A recent New York Times article that detailed a report releasing frightening information for public higher education made news across the country last week.
The news was troubling for higher education.
Media outlets across the nation reported on the scary stats that were a part of Complete College America's report.
At public colleges in Texas, for example, just 5 percent of students leave directly from high school to attend a four-year university and then graduate after those four years. Even after eight years, just over 50 percent had graduated.
Despite funding numbers that are significantly lower, New Hampshire public institutions have experienced much better numbers.
As reported in today's front-page article, "While state school grad rates struggle nationally, N.H.'s remain stable." All three public state schools have seen their graduation rate either remain stagnant or increase.
UNH's rate has fluctuated between 71 percent and 75 percent.
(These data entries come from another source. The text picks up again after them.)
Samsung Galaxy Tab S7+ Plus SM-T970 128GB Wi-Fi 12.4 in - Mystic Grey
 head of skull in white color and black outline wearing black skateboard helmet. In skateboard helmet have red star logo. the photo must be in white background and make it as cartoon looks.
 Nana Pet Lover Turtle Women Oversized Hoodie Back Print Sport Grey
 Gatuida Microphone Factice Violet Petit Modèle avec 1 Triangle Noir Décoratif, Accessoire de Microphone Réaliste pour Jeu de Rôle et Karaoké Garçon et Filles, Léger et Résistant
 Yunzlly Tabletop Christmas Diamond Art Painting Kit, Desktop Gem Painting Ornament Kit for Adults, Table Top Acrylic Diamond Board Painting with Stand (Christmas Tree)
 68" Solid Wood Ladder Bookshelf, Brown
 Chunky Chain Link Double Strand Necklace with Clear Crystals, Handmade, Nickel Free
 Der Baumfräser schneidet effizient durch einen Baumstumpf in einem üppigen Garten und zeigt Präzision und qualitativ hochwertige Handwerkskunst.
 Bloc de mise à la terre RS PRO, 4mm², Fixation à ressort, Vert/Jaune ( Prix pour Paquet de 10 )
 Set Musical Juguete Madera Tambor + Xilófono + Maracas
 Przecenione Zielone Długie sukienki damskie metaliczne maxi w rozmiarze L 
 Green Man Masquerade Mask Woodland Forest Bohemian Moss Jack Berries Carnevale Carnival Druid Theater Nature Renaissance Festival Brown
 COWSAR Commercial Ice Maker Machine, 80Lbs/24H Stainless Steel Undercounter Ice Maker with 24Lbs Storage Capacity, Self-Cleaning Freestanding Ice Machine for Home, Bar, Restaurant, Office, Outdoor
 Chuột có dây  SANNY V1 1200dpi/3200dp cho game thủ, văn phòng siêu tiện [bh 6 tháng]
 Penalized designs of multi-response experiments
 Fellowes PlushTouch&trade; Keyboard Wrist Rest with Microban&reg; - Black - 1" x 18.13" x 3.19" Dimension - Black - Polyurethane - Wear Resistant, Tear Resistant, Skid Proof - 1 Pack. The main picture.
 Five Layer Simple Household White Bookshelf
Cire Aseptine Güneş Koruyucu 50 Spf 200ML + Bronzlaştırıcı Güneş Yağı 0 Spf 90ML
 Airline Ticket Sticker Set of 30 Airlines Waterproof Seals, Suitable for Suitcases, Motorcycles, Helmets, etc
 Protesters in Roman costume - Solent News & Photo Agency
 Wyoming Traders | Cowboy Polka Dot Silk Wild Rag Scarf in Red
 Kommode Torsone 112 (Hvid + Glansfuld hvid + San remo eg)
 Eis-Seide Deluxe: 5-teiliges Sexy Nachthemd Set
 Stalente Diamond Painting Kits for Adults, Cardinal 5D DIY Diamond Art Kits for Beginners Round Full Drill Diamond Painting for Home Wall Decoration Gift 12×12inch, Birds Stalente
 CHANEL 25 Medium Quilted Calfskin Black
It's a number the school should be proud of, but also one to watch carefully in the years following the largest cut to higher education funding in the history of the United States.
That's an impressive number, especially when considering elite colleges, like New York University (a 78 percent graduation rate) have similar numbers.
In today's article, Mark Rubinstein, vice president of Student and Academic Services, brings up the "array of well-connected student service offices to mitigate the effects of personal problems on student success" as a reason why UNH's number is what it is.
He's probably right. And that may be a scary thing.
If funding cuts scale back or even eliminate some of the student services, UNH's 75 percent graduation rate could be in serious jeopardy. But that's because of more than just cuts to student services.
As tuition increases, more and more students are faced with the burden of tacking on more loans. At some point, it becomes unrealistic for some students to take on any more loans. Then, they're forced to drop out or transfer.
This puts an even bigger emphasis on President Mark Huddleston's recently announced fundraising effort, which will kick off in a couple of years.
As we've written before, much of Huddleston's run as president will be defined by this fundraising effort.
The impressive graduation rate is just one of many aspects that could hinge on fundraising. But it's also one of the most important.
A successful campaign would likely mean UNH's graduation rate remains similar to some of the best university's in the nation. An unsuccessful one, though, could mean UNH's efforts the last few years would go to waste – and the school's statistics would look more like schools in Texas than NYU.